You don't need to be an 'investor' to invest in Singletrack: 6 days left: 95% of target - Find out more
I am after contact data for a certain type of company.
There is an official (i.e. governing authority) web site that allows you to search for these companies and retrieve the contact data, although the search page only returns 100 results each time. This could lead to missed contacts (and duplicates but I can deal with that in other ways).
I know how the link to each piece company data is created and I have recreated this in a database (basically a URL including a unique number).
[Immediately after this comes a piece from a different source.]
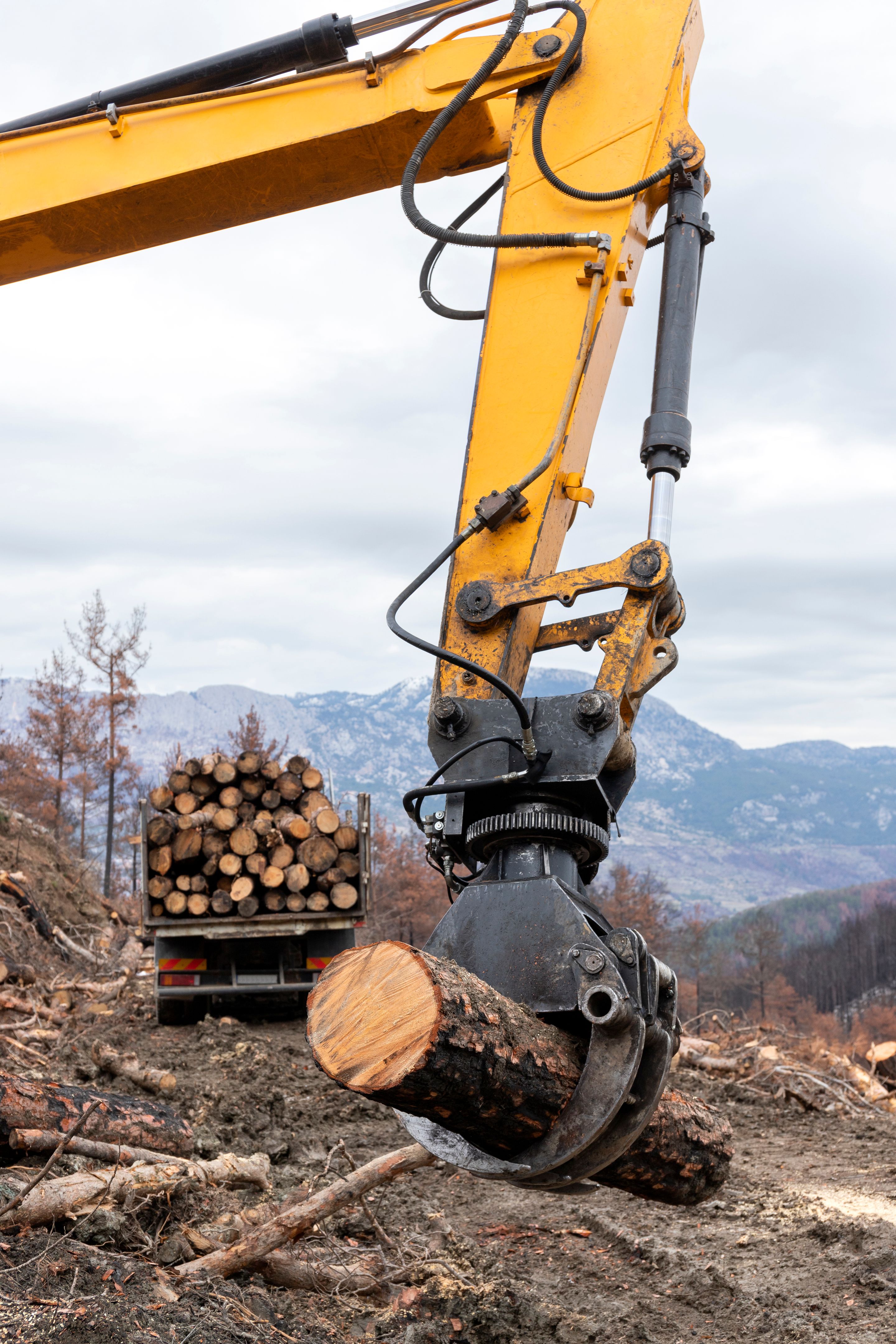 forestry equipment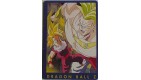 CARTE DRAGON BALL Z N° 107 SANGOHAN  VERSION FRANCAISE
So now I have 500,000 web links (most of which will not work but a some will) that my scraper can crawl though and retrieve the data without me carrying out a lot of manual searches to get 100 links each time.
So, given that the contact data is publicly available elsewhere (just a PITA to collect) would I be a bad boy if I clicked 'go'?
screen scraping is a regular thing for a lot of price consolidation/comparison sites.
If someone doesn't want it to happen they should code to prevent it.
I would schedule the collection process. Hammering their website with half a million hits might not feel like a very nice thing to happen to them.
I know if one of my web sites got half a million hits from one IP address I'd treat it as an attack and make an effort to track down the perps. In fact, some of our websites would block the traffic quite quickly as they'd deem it a DOS attack.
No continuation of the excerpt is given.